Urine pH Changes after GHB and L-Lactate Treatments

The blank urine pH values averaged 6.6 in the absence of treatment but increased after GHB administration (control), from 6.88 ± 0.26 at 1 h to 7.53 ± 0.36 at 3 h. The urine pH after administering GHB plus L-lactate at the three different doses was also increased significantly from that after GHB treatment alone; the changes in urine pH after L-lactate treatment were dose-dependent. The urine pH values measured after administration of the three lactate doses (lowest to highest) were 7.65 ± 0.25, 8.08 ± 0.18, and 7.73 ± 0.19 at 1 h and 8.19 ± 0.13, 7.81 ± 0.63, and 8.56 ± 0.18 at 3 h.

Effects of Combined D-Mannitol/L-Lactate Treatment on GHB Toxicokinetics

The steady-state plasma concentrations of GHB were significantly decreased after the administration of L-lactate 60.5 mg h−1 kg−1 and the coadministration of D-mannitol and L-lactate (60.5 mg h−1 kg−1); however, the steady-state plasma concentration of GHB after the administration of D-mannitol was not different from that of the control (Table 1). The total and renal clearances of GHB in the combined D-mannitol and L-lactate treatment group were similar to those of the L-lactate group but were significantly higher than those of the control group (Fig. 2). The metabolic clearances and GFR values were not significantly different in all groups (Fig. 2). Consistent with the changes in renal clearance, the amount of GHB reabsorbed was significantly decreased after L-lactate treatment and combined D-mannitol and L-lactate treatment but not after D-mannitol treatment (Table 1). The total brain concentrations of GHB after the 3-h infusion were determined (Table 1). There were no significant differences among the brain concentrations observed in the control and treatment groups.

Fig. 2.

Fig. 2

The renal clearance (CLR), metabolic clearance (CLm), and total clearance (CLT) of GHB determined after the concomitant treatment with D-mannitol, L-lactate, or D-mannitol/L-lactate. The control was administered with GHB (208 mg h−1 kg−1) only. L-Lactate was administered at a dose of 60.5 mg h−1 kg−1 by i.v. infusion, D-mannitol was administered as an i.v. bolus dose of 0.5 g/kg, and Man + Lact represents the combined treatment with D-mannitol and L-lactate. One-way ANOVA followed by Dunnett's test, n = 3-8, mean ± S.D. **, p < 0.01.

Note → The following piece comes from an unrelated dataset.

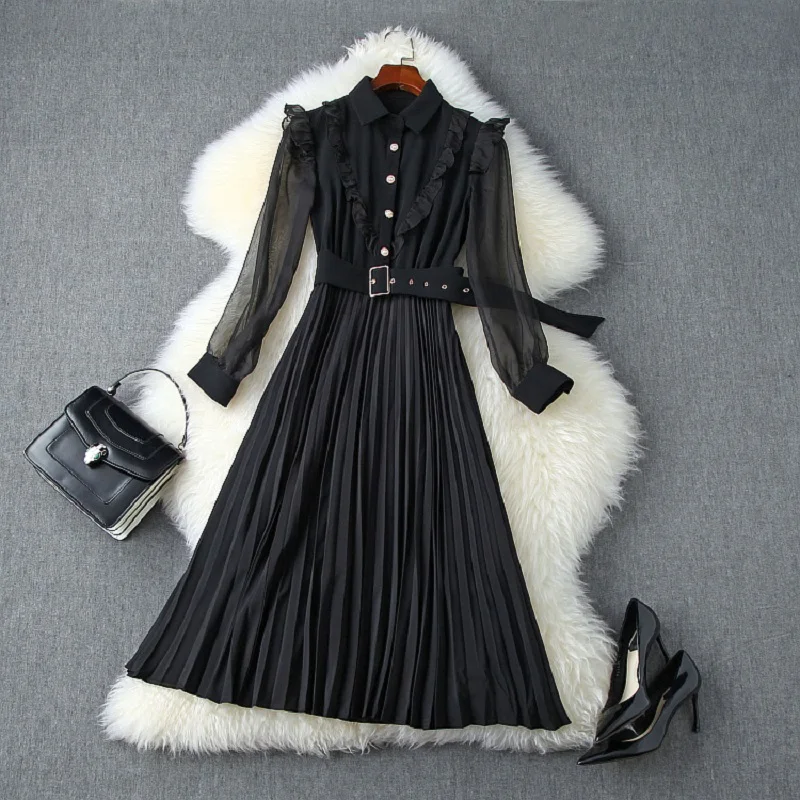 

sexy 2021 new summer Chiffon Casual Dress office work Women Ruffled shirt dress womanliness Retro Holiday Pleats party dresses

pH and Electrolyte Concentrations in Blood after Combined L-Lactate/D-Mannitol Treatment

The blood pH for the GHB treatment group was not changed significantly; however, the blood pH of the combined L-lactate/D-mannitol group was increased significantly, from pH 7.44 to 7.49 (Table 2). The concentrations of Na+, K+, and Ca2+ were not significantly changed with a 3-h infusion of GHB alone (control group). The Cl concentration was significantly decreased after a 3-h GHB infusion, but the concentration was still within the normal range. D-mannitol, L-lactate, and combined L-lactate/D-mannitol treatments had similar effects on the concentrations of Na+, Cl, K+, and Ca2+ as observed in the control group (Table 2). Anion gaps and glucose concentrations were slightly increased with the infusion of GHB alone and the combination groups, but the concentrations were still within the normal range (Table 2).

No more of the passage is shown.